**Work instruction:**
The answer is the full listing restated exactly, without any pictures.

**Source data:**
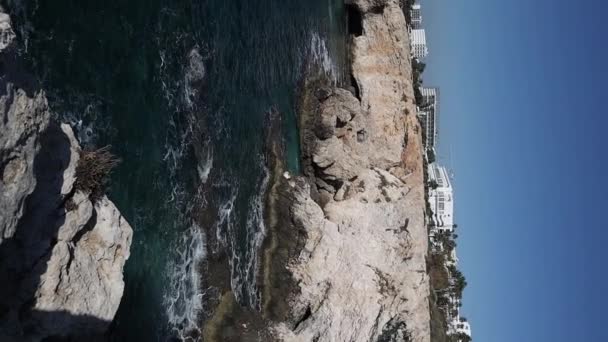 Krásný Přímořský Plášť Mořskou Jeskyní Oblouk Milostný Most Ayia Napa — Stock video
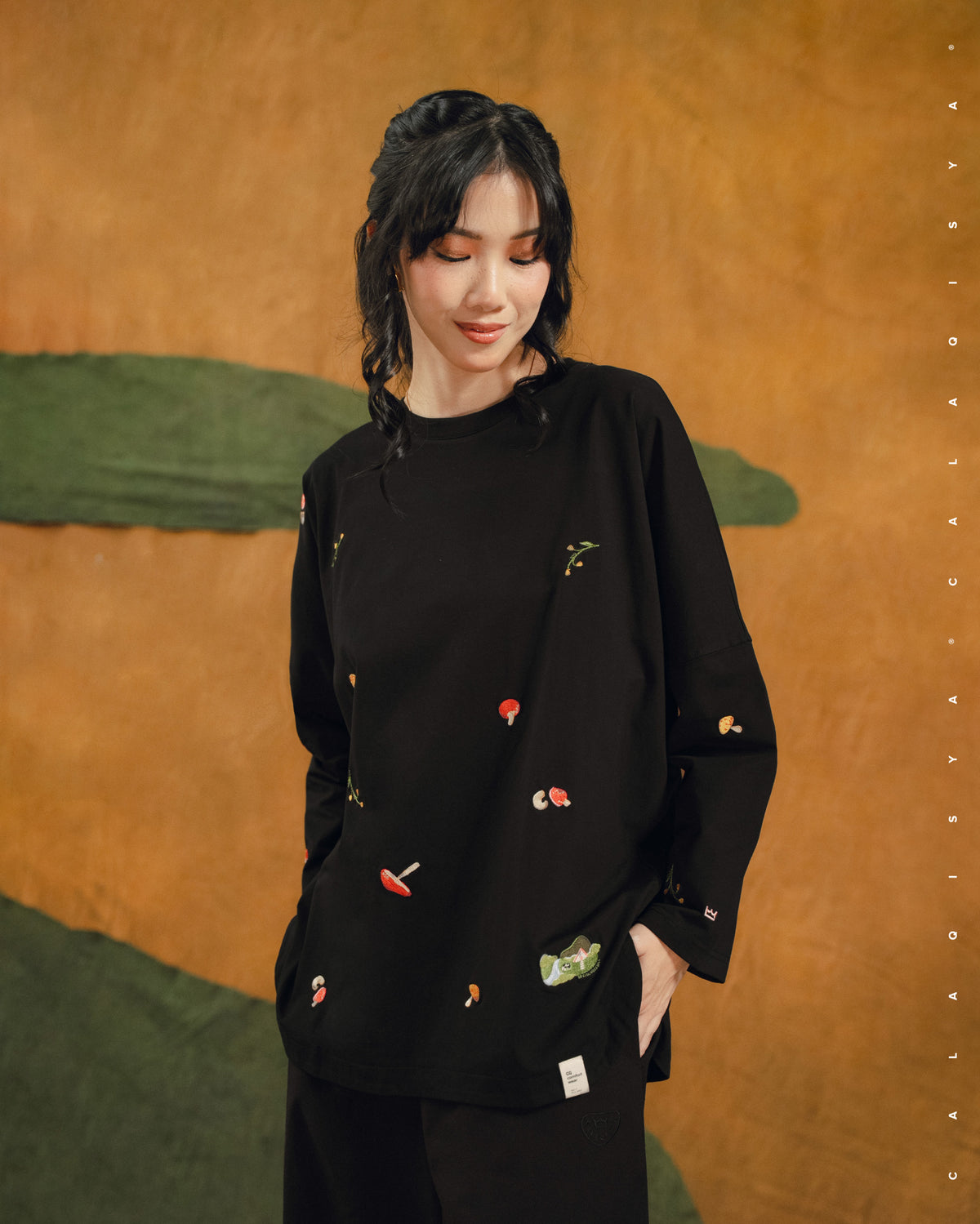 FM UNEARTHLY DIARIES CLOUD SHIRT (EMBROIDERY) IN BLACK
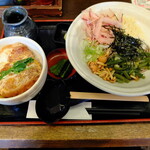 Sojibou - かつ丼と冷やし山菜とろろそばの定食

**Your solution:**
 Krásný Přímořský Plášť Mořskou Jeskyní Oblouk Milostný Most Ayia Napa — Stock video
 FM UNEARTHLY DIARIES CLOUD SHIRT (EMBROIDERY) IN BLACK
 Sojibou - かつ丼と冷やし山菜とろろそばの定食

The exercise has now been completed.